WHAT IS EXPECTED:
Restate, word for word, the lines from the opening line of the data through the line containing "el Daily Mail.", both included, and nothing else.

DATASET CONTENT:
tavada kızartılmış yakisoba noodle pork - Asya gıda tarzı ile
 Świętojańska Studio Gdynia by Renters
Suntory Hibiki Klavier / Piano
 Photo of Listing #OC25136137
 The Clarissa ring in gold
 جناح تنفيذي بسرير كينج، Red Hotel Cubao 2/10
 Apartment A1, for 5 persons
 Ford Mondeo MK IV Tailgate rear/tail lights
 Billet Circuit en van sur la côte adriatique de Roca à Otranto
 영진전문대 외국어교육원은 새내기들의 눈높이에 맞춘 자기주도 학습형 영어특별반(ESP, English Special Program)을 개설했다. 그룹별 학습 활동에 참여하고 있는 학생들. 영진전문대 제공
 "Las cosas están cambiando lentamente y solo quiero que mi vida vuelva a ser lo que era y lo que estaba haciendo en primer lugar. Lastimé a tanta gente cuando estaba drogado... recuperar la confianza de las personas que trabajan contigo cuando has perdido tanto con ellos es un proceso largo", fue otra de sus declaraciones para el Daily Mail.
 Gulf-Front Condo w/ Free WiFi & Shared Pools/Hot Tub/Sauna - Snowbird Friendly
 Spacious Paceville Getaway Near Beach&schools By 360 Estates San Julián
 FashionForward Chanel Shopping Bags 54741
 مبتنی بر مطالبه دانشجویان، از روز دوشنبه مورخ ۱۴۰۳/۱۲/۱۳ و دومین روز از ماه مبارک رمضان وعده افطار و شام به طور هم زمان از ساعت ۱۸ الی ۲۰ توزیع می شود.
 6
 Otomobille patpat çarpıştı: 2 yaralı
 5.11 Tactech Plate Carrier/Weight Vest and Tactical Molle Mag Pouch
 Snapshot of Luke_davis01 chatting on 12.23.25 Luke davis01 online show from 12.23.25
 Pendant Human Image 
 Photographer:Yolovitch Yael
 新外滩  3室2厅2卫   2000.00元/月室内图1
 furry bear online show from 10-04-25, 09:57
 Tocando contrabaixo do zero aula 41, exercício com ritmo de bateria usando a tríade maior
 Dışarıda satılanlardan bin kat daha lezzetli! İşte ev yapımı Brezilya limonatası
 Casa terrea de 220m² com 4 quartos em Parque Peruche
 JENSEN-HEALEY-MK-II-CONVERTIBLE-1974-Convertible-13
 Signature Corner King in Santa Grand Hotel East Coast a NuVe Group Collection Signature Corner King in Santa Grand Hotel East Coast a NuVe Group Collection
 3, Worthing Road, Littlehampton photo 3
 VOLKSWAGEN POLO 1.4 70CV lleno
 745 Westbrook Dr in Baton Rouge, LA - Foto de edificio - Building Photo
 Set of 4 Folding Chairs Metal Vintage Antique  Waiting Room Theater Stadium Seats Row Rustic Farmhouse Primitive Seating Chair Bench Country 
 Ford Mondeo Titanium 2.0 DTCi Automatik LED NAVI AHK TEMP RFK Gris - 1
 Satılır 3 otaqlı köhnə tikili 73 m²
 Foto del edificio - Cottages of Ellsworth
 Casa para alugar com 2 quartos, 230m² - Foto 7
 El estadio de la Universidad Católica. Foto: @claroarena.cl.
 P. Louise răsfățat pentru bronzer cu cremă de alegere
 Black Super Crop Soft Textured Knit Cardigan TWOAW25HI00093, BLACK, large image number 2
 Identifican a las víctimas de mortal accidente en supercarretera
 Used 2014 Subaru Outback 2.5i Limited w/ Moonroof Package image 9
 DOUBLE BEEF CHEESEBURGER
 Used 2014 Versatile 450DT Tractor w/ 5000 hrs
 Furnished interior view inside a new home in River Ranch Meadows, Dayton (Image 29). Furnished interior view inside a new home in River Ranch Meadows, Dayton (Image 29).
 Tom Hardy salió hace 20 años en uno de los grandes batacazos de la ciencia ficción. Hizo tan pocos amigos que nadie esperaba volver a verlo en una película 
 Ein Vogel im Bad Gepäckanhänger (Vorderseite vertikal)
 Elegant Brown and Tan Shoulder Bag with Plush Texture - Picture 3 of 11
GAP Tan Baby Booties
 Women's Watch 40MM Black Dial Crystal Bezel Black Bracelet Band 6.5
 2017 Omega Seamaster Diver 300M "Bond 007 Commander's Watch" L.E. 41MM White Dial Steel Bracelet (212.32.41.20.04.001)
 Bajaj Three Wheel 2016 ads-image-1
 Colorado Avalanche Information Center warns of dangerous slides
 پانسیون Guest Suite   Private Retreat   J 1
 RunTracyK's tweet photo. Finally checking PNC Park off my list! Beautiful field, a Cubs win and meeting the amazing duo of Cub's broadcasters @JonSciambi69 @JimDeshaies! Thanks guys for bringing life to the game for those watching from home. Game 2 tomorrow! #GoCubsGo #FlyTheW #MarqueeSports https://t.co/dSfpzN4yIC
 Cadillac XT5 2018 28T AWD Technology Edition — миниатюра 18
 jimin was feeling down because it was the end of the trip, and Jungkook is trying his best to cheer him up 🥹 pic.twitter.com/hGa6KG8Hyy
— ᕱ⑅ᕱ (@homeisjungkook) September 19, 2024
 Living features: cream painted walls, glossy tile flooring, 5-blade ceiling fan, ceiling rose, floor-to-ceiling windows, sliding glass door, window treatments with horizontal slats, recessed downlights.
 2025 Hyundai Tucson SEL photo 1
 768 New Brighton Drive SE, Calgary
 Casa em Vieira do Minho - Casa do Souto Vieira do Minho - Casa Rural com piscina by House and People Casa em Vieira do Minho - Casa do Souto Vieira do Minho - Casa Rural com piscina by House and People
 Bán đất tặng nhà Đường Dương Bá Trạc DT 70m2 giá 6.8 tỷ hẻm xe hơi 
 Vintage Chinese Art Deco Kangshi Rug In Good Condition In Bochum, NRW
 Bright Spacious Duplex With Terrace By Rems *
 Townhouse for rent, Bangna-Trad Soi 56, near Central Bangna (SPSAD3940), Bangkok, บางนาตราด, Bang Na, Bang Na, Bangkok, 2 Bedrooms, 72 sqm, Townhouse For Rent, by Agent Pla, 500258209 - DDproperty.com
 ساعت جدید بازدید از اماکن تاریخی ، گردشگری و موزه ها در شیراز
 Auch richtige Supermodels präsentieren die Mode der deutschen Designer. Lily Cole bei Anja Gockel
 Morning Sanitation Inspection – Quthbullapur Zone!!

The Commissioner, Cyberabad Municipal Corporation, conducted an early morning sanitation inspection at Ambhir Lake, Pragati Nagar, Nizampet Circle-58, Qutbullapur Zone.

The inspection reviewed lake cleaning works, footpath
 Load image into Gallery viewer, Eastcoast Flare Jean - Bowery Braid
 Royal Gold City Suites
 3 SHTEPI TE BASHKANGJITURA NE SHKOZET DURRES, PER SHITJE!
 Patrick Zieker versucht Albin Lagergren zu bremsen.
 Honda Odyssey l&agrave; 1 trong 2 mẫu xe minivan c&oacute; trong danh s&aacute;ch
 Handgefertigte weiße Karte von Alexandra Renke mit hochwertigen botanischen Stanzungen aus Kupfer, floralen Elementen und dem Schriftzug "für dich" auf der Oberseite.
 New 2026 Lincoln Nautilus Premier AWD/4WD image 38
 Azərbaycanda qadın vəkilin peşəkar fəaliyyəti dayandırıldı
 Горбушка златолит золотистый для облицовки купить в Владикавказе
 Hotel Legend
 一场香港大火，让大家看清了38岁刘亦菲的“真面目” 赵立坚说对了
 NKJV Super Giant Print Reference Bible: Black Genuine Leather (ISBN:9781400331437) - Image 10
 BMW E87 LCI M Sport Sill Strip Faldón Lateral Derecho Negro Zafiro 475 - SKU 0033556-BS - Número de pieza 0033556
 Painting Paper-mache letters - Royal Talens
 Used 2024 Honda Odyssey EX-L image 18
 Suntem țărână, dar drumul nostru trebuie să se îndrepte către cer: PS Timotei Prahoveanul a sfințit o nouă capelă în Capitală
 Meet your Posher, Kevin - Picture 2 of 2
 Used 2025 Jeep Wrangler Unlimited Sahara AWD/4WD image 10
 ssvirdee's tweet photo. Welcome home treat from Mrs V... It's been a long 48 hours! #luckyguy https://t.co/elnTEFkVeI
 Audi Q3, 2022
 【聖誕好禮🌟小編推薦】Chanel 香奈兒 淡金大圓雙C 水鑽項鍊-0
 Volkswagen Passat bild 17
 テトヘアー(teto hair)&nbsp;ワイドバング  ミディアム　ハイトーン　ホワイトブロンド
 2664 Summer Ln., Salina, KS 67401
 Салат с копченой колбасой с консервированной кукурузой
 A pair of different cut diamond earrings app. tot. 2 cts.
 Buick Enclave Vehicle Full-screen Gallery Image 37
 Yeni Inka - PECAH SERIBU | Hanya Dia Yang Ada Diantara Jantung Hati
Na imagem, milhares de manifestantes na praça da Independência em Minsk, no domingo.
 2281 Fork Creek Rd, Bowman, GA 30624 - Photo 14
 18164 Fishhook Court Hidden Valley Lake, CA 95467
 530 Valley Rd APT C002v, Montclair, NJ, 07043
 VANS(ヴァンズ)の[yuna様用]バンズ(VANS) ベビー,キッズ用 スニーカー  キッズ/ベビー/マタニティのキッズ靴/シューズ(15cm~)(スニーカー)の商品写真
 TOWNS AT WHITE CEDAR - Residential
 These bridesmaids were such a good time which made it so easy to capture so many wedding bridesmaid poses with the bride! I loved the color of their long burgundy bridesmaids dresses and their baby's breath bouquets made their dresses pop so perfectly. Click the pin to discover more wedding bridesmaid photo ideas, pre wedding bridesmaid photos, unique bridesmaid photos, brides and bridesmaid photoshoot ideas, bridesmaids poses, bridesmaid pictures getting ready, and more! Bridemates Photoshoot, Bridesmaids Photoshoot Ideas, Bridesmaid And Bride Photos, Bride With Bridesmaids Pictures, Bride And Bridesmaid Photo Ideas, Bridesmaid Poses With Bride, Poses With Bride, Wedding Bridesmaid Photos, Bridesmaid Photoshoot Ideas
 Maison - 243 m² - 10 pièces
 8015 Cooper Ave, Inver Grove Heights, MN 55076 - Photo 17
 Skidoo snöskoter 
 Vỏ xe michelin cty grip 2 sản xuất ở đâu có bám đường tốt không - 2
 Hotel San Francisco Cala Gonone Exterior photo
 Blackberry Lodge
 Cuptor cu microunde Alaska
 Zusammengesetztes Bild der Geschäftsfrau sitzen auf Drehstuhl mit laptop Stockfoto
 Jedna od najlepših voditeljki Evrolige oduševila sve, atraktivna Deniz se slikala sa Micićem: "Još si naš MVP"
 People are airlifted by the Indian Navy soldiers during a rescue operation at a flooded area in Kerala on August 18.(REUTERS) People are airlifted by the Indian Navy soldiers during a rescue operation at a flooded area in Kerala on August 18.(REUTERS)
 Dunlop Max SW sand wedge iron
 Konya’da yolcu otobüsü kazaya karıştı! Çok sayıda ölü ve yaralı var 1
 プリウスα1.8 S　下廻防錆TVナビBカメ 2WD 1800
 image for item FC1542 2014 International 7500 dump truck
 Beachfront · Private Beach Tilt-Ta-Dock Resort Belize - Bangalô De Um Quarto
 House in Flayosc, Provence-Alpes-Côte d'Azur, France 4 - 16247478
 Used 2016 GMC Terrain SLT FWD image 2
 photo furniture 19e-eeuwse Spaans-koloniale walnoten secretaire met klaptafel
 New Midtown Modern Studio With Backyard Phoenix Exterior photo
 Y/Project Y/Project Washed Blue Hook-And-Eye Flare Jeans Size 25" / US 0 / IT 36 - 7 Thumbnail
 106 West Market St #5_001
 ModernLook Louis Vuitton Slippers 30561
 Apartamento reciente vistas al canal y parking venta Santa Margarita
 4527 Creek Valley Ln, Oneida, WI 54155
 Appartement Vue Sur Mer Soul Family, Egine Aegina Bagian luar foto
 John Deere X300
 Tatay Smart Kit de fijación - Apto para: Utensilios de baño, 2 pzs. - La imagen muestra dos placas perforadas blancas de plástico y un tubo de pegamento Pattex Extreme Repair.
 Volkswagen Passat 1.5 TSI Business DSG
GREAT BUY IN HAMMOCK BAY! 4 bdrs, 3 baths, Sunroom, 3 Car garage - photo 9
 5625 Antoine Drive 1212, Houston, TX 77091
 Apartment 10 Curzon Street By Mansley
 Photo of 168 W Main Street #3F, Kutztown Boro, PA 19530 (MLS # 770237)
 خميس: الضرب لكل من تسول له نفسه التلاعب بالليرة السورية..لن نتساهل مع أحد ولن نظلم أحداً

TASK RESPONSE:
tavada kızartılmış yakisoba noodle pork - Asya gıda tarzı ile
 Świętojańska Studio Gdynia by Renters
Suntory Hibiki Klavier / Piano
 Photo of Listing #OC25136137
 The Clarissa ring in gold
 جناح تنفيذي بسرير كينج، Red Hotel Cubao 2/10
 Apartment A1, for 5 persons
 Ford Mondeo MK IV Tailgate rear/tail lights
 Billet Circuit en van sur la côte adriatique de Roca à Otranto
 영진전문대 외국어교육원은 새내기들의 눈높이에 맞춘 자기주도 학습형 영어특별반(ESP, English Special Program)을 개설했다. 그룹별 학습 활동에 참여하고 있는 학생들. 영진전문대 제공
 "Las cosas están cambiando lentamente y solo quiero que mi vida vuelva a ser lo que era y lo que estaba haciendo en primer lugar. Lastimé a tanta gente cuando estaba drogado... recuperar la confianza de las personas que trabajan contigo cuando has perdido tanto con ellos es un proceso largo", fue otra de sus declaraciones para el Daily Mail.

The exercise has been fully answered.